Quando invece si impone di seguire una strada che non gli appartiene, Sam rischia di commettere il più grave degli errori. Credendo Frodo morto, si trova a decidere su come proseguire: da una parte non vorrebbe mai lasciare il cadavere dell’amico nella tana del mostro, dall’altra sa che sarebbe inutile rimanere lì quando c’è ancora una speranza di distruggere l’Anello. L’incertezza lo divora e la solitudine pesa come un macigno: “Vorrei non essere l’ultimo rimasto. Vorrei che fosse qui il vecchio Gandalf, o qualcun altro. Perché sono rimasto solo a decidere? Sono sicuro di sbagliare”. Il suo cuore è in subbuglio. Sam prova allora ad esaminare razionalmente le due opzioni e infine, per mantenere fede all’impegno preso con Elrond e il Consiglio, va via con l’Anello, non prima di aver rivolto un commovente addio a Frodo.
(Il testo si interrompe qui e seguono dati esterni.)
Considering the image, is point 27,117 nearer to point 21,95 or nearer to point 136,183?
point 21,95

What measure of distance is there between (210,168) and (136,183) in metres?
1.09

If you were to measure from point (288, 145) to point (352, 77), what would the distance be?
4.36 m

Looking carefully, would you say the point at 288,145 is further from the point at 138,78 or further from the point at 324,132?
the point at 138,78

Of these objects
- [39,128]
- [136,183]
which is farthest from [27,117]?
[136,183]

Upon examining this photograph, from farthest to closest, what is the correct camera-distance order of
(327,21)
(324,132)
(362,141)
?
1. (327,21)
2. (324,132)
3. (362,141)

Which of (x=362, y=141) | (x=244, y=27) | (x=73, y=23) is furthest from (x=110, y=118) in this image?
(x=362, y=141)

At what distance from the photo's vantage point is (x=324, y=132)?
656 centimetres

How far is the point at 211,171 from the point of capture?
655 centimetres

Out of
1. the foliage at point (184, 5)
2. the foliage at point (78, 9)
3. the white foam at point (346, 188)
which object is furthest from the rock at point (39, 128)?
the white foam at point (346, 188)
“Continuava a ripetersi “ho deciso”, ma non era vero. Nonostante avesse fatto del suo meglio per rifletterci su, quello che stava facendo era del tutto contrario alla sua natura”. Solo dopo aver ancora esitato, si accorgerà di aver scelto imponendosi un eroismo che non è il suo. Ascoltando gli orchi che hanno trovato Frodo nella tana, scoprirà che il suo amico non è morto e dirà a se stesso: “Sciocco. Non è morto e il tuo cuore lo sapeva. Non fidarti della tua testa, Samwise, non è la parte migliore di te”. Sam si è convinto definitivamente che è fondamentale dare ascolto alla “parte migliore” di sé, perché è l’unico modo per compiere la sua vera missione: non portare l’Anello, ma stare al fianco di Frodo. A farlo tornare sui suoi passi è stato proprio il timore di non rivederlo mai più.

Il pericolo, che ha trascinato Sam nel territorio della paura, lo costringe a mostrare la sua vera essenza. Ciò che invece cambia realmente Sam, o meglio, che lo fa maturare, non sono tanto le imprese compiute o le difficoltà superate (e il cammino verso Monte Fato ne prevede ancora molte), quanto l’affetto sincero per Frodo, che consolida la sua capacità di custodire e prendersi cura dell’altro. Al suo ritorno, dopo che anche la Contea sarà pacificata, Sam diventerà un marito e un padre. E poi ancora Sindaco per ben sette mandati consecutivi. Infine, a lui Frodo affiderà il Libro Rosso dei Confini Occidentali, in altre parole l’intera Storia dell’Anello.

La vicenda di Sam più che dare una vera e propria risposta alla domanda iniziale, la porta su un altro livello. Forse il pericolo di per sé non trasforma, non aggiunge né sostituisce. Semmai priva, sottrae, spoglia. Di certezze, per esempio, o magari di una certa idea di come le cose dovrebbero andare. Ma in questa opera di sottrazione, in questo inaspettato disordine che certo complica il quadro, ma per altri versi semplifica, sfronda, c’è anche la possibilità di riconoscere con maggior immediatezza una chiamata. Un’idea evidentemente cara a Tolkien e riproposta più volte nella sua opera, che può rappresentare l’eredità più preziosa di questo tempo.